How about people who support racist policies — or are simply willing to tolerate these things when they’re part of a larger package that’s seen as attractive? Is people’s racism nullified by their own declaration that they don’t, for example, have a racist bone in their body?
These are fair questions. But however one answers them, the argument that a large number of Americans can’t be racist should be based on evidence that they don’t fit a particular definition, not on simple squeamishness about the broad application of the word.

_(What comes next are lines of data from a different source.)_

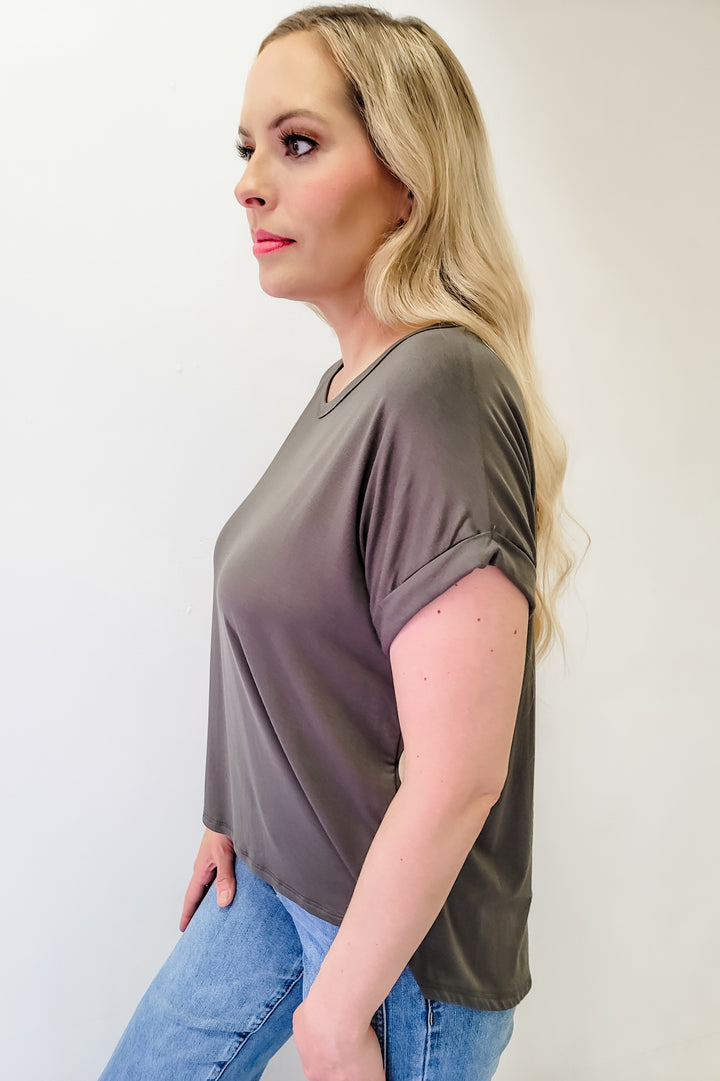 Metal Gray Rayon Modal Drop Shoulder Crew Neck Top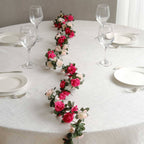 2 Pack 8ft Blush Fuchsia Artificial Silk Flower Garland Mini Rose Vines with 45 Flower Heads - Bell Racket Store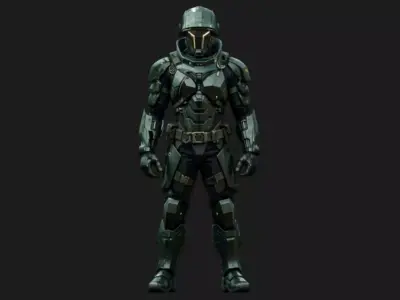 Sci-Fi Space Marine Low-poly 3D model
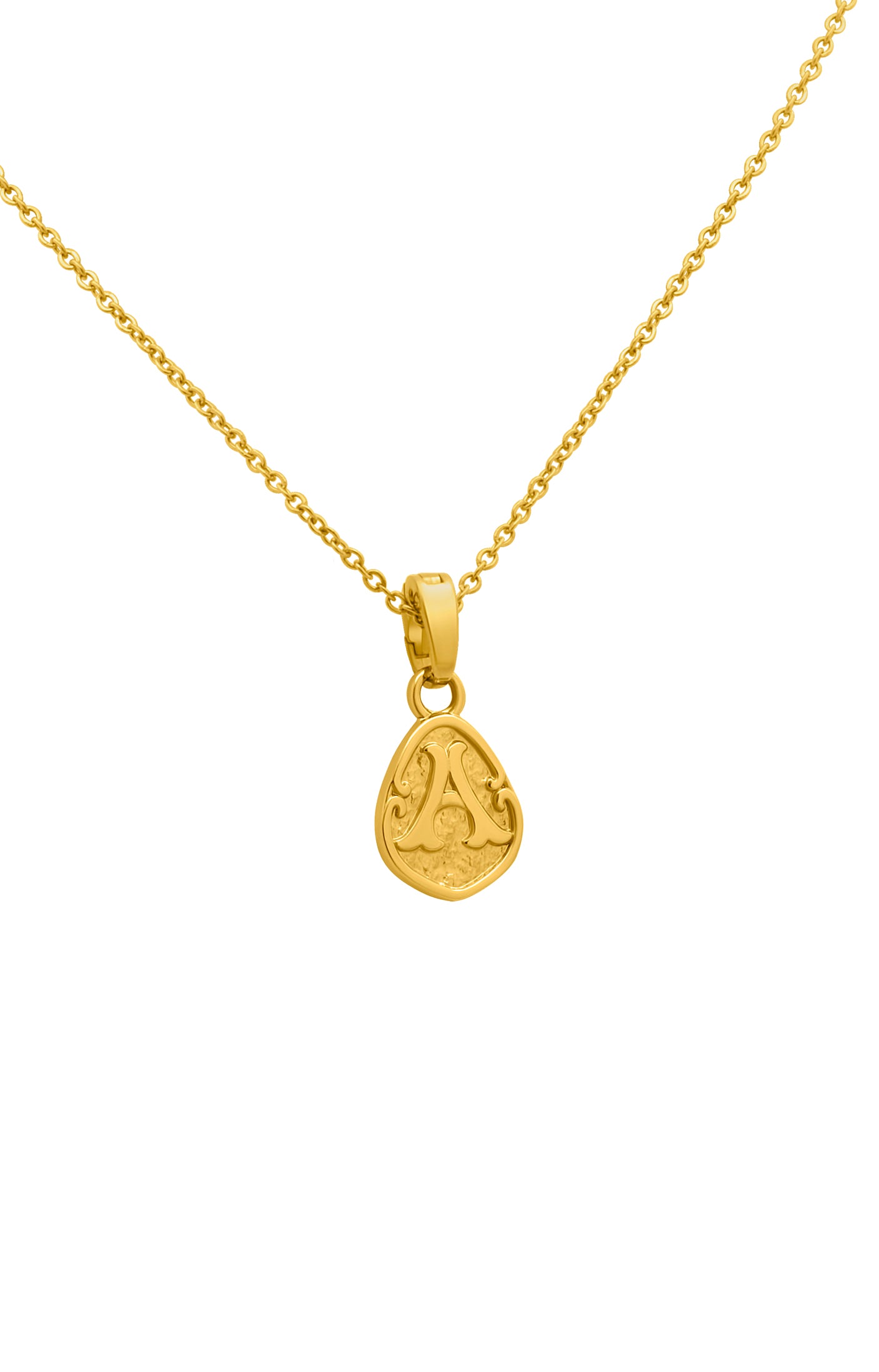 &quot;A&quot; Tberfil Letter Pendant with Petite Adjustable Chain Necklace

There’s also a separate conversation to be had about whether the intense negative and defensive backlash to the word makes it counterproductive to apply to anyone. But the point is there is definitely no rule of language, logic, or history that says “racist” can only apply to the margins of society or a small percentage of people. Such thinking presupposes that racist attitudes or racism — however one may define them, and whether one thinks it’s wise to call them out — only exist on the fringes. But none of the people who insist on vanity sizing for racism — who push for ripping off a label that has negative associations and replacing it with something else simply because it’s being applied to too many people — explain why.
And just as vanity sizing didn’t change shoppers’ physical sizes, insistence on being precious about who’s labeled racist does nothing to change the impact of racism — however you define it — on the ground.
A reminder: We just elected an unapologetically racist president. Racism, along with sexism, was the strongest predictor of support for him. Racial inequality and bias affect day-to-day life for nonwhite people in just about every sector of American life, from education to hiring to health care to housing, in ways that have been studied and proven time and time again.
Elected officials along with scores of everyday Americans have been committed for years to making explicitly racist attacks against President Obama and first lady Michelle Obama. There’s concrete evidence that police departments and courts in cities like Ferguson and Baltimore have made it a practice to trample the constitutional rights of black citizens.
The white nationalist alt-right is having a heyday and pushing for the acceptance of racist views on college campuses. Teachers report that schoolchildren are antagonizing each other with racist and xenophobic views. A television news anchor who made headlines with her horror over the idea that Santa Claus could be black and her insistence that racist emails by government employees are totally normal has a new and more prominent role at NBC.
It is reasonable to at least consider the idea that it might require racism — however you define it — on the part of a significant swath of Americans to explain all of this happening.
But in another striking example of vanity sizing, even a journalist who conceded that most Americans may be racist went on to argue that this required rethinking how bad racism was. Business Insider’s Josh Barro, in a series of September tweets, mused, “I think if we're going to (reasonably) define racism quite broadly, then we have to think of it as a bad personal trait, not a horrible one. ... If most people are racist, and most people are not horrible, then many racists are not horrible.”
Let’s unpack that: He’s saying that if most people are racist, racism can’t be that bad because we can’t go around saying most people are horrible. But wait — is it actually impossible that most people are horrible? Last time I checked, there wasn’t such a ceiling. While it’s perfectly fair to believe that most people aren’t horrible, that’s by no means something we “have to” believe as a society.
And it’s misleading to suggest that there’s agreement here, especially in a country that has historically been in many ways, well, horrible, for people who aren’t white, in ways that are fueled by other humans. Does being a delightful neighbor or a great husband cancel out the “horrible” label that might come with being a bigot? We should admit that this depends on one’s priorities and perspective — things that may in fact be shaped by race.
Placing hard limits on how many people the term “racist” can apply to is as misguided as depending on the number on an outfit’s tag for self-esteem. Clothing manufacturers’ adjustments that made what was a size 8 in 1958 fit measurements smaller than a size 00 in 2011 may have made shopping more palatable, but they didn’t actually cause anyone to shrink. In the same way, shifting the language around behaviors and views that are labeled “racist” or “deplorable” or “horrible” might feel like a relief from a difficult moment in American history, but it doesn’t do anything to change the underlying issues.
As the vanity sizing debate proved, adjusting labels so that “bad” ones apply to fewer people is seductive. But even for people who associate thinness with health and virtue, it’s a superficial solution — it doesn’t change what we see when we look in the mirror.
We should all resolve to stop this vain, avoidant practice and focus on critiquing the beliefs and behavior that inspire the label “racist” instead of changing the rules so that the label doesn’t apply.